■ Data to process
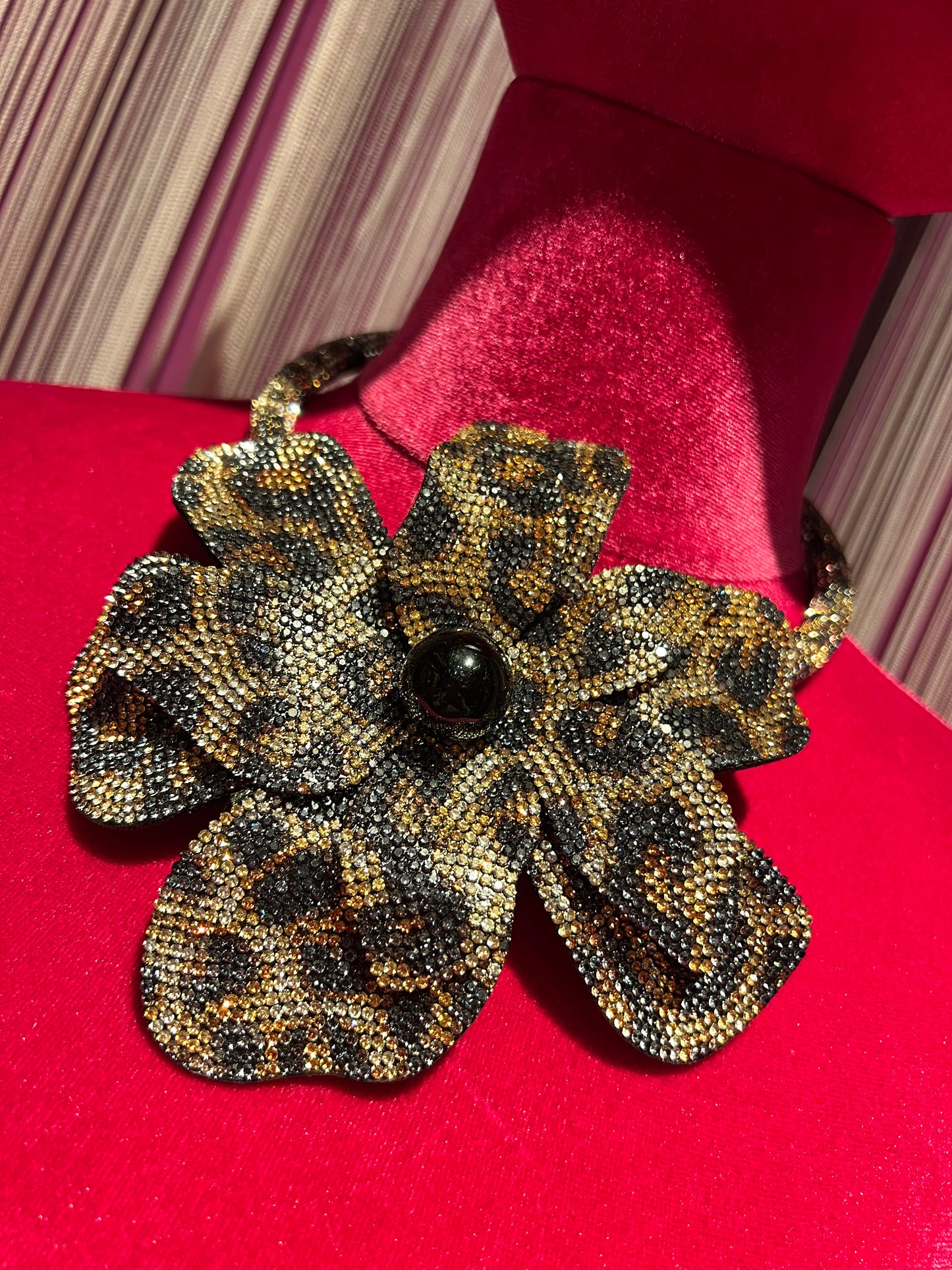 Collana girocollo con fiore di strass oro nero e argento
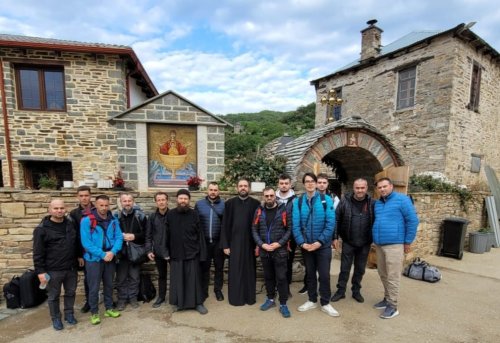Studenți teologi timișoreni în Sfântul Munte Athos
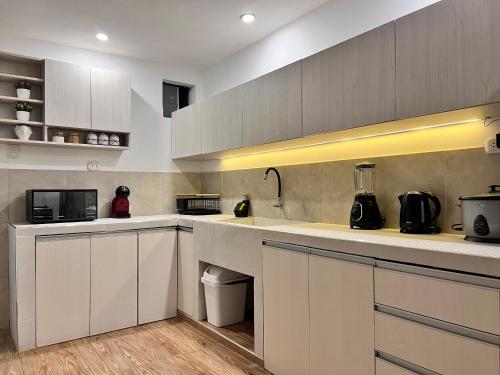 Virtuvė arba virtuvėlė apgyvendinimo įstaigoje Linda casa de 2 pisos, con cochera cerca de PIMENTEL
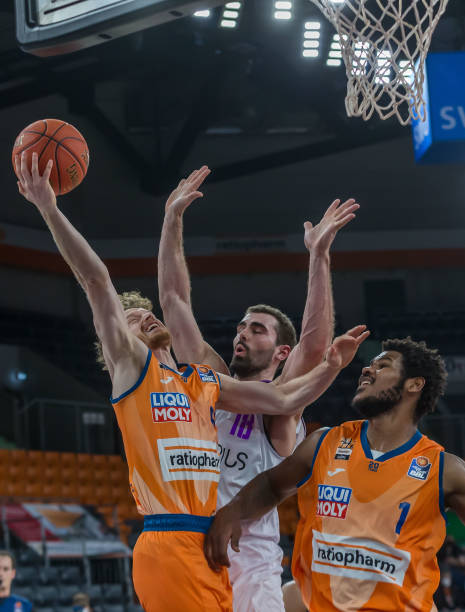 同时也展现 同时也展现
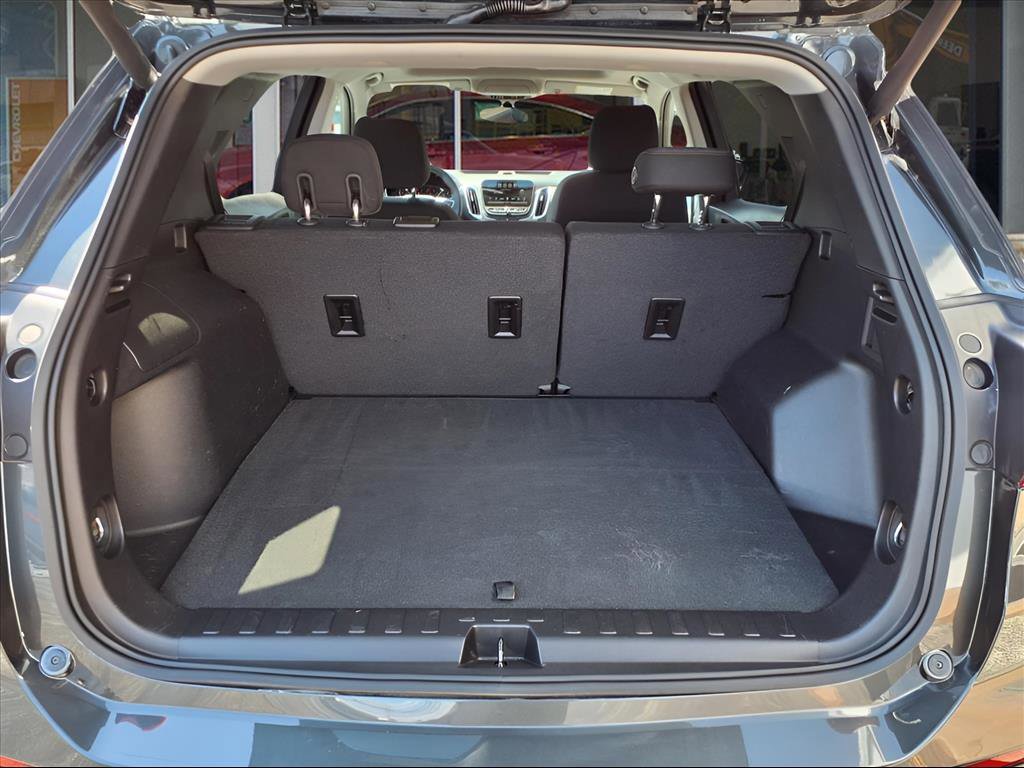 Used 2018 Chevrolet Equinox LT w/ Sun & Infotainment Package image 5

■ Directions
Omit the pictures and please write out exactly the lines between the one containing "同时也展现 同时也展现" and the last line of the entries, both included.

■ Response to the exercise
 同时也展现 同时也展现
 Used 2018 Chevrolet Equinox LT w/ Sun & Infotainment Package image 5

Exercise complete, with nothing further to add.